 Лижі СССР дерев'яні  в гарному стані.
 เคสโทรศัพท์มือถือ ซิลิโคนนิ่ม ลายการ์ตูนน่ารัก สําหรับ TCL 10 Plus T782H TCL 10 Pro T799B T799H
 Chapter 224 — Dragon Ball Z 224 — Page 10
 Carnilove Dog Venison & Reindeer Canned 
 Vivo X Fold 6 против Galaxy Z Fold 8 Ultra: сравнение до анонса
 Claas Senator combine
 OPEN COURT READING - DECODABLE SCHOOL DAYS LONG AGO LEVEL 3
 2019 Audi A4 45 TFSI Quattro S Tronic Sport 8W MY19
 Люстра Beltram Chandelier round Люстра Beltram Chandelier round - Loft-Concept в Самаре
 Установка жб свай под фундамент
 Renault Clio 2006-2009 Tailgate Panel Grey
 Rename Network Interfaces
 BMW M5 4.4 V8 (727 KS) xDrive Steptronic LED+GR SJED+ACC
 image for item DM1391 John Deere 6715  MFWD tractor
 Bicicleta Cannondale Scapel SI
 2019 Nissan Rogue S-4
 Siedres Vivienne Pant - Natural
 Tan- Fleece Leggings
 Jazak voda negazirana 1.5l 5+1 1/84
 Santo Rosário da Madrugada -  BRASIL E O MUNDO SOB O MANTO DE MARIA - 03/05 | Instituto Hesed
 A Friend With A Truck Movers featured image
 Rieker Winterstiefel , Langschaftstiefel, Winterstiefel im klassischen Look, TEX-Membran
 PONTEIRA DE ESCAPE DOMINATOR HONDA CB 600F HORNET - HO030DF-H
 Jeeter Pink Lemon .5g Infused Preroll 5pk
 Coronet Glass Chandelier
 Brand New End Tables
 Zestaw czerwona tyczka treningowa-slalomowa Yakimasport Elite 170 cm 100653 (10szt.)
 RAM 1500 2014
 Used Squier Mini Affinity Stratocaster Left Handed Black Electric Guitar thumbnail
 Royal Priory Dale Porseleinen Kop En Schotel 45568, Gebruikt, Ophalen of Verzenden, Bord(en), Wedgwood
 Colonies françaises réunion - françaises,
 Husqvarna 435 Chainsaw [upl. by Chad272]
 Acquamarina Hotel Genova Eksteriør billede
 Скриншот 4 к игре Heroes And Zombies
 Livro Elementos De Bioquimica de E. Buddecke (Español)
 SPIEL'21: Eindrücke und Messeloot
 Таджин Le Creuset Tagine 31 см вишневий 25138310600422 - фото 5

◆ ◆ ◆

#### [TASK REQUIREMENTS]
Please show the lines in the entries above that hold the string "image".

#### [ANSWER SECTION]
 image for item DM1391 John Deere 6715  MFWD tractor
 A Friend With A Truck Movers featured image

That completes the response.